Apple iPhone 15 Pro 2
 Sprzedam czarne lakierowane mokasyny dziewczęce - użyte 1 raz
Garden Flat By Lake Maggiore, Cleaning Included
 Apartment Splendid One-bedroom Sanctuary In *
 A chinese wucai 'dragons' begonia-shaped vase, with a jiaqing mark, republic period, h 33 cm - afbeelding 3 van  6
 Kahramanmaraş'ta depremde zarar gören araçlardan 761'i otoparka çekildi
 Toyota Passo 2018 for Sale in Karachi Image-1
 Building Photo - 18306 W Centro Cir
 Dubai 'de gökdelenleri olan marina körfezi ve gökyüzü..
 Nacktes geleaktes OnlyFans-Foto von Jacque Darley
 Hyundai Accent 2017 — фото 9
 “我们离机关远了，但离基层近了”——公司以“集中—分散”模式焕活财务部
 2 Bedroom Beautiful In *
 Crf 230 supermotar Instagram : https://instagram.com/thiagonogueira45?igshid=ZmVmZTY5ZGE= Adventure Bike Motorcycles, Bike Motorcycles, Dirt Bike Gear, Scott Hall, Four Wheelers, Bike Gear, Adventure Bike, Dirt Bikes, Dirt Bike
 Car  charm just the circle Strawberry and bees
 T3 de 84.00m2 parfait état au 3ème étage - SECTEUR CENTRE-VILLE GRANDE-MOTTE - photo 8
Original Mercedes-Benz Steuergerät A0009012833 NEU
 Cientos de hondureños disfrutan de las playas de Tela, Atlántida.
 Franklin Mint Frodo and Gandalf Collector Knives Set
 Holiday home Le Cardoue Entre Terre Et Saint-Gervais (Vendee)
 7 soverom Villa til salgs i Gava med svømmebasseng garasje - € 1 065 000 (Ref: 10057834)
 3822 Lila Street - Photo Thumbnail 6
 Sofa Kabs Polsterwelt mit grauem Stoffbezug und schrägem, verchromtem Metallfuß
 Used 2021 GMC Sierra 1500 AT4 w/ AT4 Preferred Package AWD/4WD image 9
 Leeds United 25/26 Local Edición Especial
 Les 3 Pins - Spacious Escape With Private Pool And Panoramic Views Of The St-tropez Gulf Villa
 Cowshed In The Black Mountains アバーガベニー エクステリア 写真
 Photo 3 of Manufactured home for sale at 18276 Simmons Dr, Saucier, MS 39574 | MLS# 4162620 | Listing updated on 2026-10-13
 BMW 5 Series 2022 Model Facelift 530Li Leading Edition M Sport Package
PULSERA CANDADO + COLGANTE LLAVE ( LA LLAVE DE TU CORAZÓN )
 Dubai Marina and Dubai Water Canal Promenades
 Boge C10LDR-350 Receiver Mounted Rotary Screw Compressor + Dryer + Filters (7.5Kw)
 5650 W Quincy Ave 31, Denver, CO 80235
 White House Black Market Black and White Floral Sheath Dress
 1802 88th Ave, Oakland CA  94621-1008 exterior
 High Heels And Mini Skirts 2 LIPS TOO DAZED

______________________________

Write out the lines above, starting at the line that contains "7 soverom Villa" and ending with the final line, and nothing else; copy them exactly.

 7 soverom Villa til salgs i Gava med svømmebasseng garasje - € 1 065 000 (Ref: 10057834)
 3822 Lila Street - Photo Thumbnail 6
 Sofa Kabs Polsterwelt mit grauem Stoffbezug und schrägem, verchromtem Metallfuß
 Used 2021 GMC Sierra 1500 AT4 w/ AT4 Preferred Package AWD/4WD image 9
 Leeds United 25/26 Local Edición Especial
 Les 3 Pins - Spacious Escape With Private Pool And Panoramic Views Of The St-tropez Gulf Villa
 Cowshed In The Black Mountains アバーガベニー エクステリア 写真
 Photo 3 of Manufactured home for sale at 18276 Simmons Dr, Saucier, MS 39574 | MLS# 4162620 | Listing updated on 2026-10-13
 BMW 5 Series 2022 Model Facelift 530Li Leading Edition M Sport Package
PULSERA CANDADO + COLGANTE LLAVE ( LA LLAVE DE TU CORAZÓN )
 Dubai Marina and Dubai Water Canal Promenades
 Boge C10LDR-350 Receiver Mounted Rotary Screw Compressor + Dryer + Filters (7.5Kw)
 5650 W Quincy Ave 31, Denver, CO 80235
 White House Black Market Black and White Floral Sheath Dress
 1802 88th Ave, Oakland CA  94621-1008 exterior
 High Heels And Mini Skirts 2 LIPS TOO DAZED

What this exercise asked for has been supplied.